Brief descriptive captions:
▽
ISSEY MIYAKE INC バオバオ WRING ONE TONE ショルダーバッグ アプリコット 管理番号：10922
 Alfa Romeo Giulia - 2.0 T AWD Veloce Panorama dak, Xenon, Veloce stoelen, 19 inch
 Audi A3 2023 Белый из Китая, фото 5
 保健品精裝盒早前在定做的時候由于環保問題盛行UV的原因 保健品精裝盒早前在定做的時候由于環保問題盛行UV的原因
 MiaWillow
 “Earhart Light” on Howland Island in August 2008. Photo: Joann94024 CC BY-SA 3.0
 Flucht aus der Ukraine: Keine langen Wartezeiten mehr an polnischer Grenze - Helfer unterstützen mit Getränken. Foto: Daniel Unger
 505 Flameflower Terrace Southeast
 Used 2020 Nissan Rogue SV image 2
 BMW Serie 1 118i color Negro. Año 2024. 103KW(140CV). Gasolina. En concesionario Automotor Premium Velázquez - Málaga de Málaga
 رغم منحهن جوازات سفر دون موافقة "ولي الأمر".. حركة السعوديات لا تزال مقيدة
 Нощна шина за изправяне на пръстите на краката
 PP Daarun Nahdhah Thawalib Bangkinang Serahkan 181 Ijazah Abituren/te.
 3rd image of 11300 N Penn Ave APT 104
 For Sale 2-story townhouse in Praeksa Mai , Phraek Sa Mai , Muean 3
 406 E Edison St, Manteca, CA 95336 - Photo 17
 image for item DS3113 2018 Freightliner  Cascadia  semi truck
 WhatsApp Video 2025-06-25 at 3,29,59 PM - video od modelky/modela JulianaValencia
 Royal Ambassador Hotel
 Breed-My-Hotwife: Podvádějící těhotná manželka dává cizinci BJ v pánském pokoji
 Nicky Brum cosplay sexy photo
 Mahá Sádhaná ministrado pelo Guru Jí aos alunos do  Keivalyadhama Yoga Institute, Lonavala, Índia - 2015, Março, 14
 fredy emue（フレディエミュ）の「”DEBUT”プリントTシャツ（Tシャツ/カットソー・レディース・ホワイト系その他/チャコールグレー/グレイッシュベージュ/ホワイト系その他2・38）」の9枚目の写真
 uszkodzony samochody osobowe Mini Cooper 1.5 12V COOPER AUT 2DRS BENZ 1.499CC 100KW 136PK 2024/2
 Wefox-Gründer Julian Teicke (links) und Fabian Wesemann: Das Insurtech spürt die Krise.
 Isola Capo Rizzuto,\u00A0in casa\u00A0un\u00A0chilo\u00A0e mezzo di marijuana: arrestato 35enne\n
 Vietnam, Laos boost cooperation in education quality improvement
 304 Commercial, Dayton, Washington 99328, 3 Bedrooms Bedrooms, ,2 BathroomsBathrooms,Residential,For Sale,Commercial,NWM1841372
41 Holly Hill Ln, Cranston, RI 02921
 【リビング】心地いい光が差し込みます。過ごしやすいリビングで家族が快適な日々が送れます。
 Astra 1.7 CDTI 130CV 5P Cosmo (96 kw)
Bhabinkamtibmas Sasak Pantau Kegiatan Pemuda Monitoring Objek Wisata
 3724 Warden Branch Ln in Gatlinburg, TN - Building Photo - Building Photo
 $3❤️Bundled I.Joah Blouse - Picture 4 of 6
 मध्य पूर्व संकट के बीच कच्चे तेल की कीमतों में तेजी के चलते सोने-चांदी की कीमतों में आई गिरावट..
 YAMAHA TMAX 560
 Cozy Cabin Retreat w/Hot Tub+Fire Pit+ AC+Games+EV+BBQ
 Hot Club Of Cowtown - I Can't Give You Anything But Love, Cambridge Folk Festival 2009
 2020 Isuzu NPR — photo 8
△
◆ ACTION ITEM
Scan the entries above for the line containing "Isola Capo Rizzuto,\u00A0in", and copy it and all lines after it exactly, down to and including the line containing "Vietnam, Laos boost".

◆ RESPONSE TO THIS TASK
 Isola Capo Rizzuto,\u00A0in casa\u00A0un\u00A0chilo\u00A0e mezzo di marijuana: arrestato 35enne\n
 Vietnam, Laos boost cooperation in education quality improvement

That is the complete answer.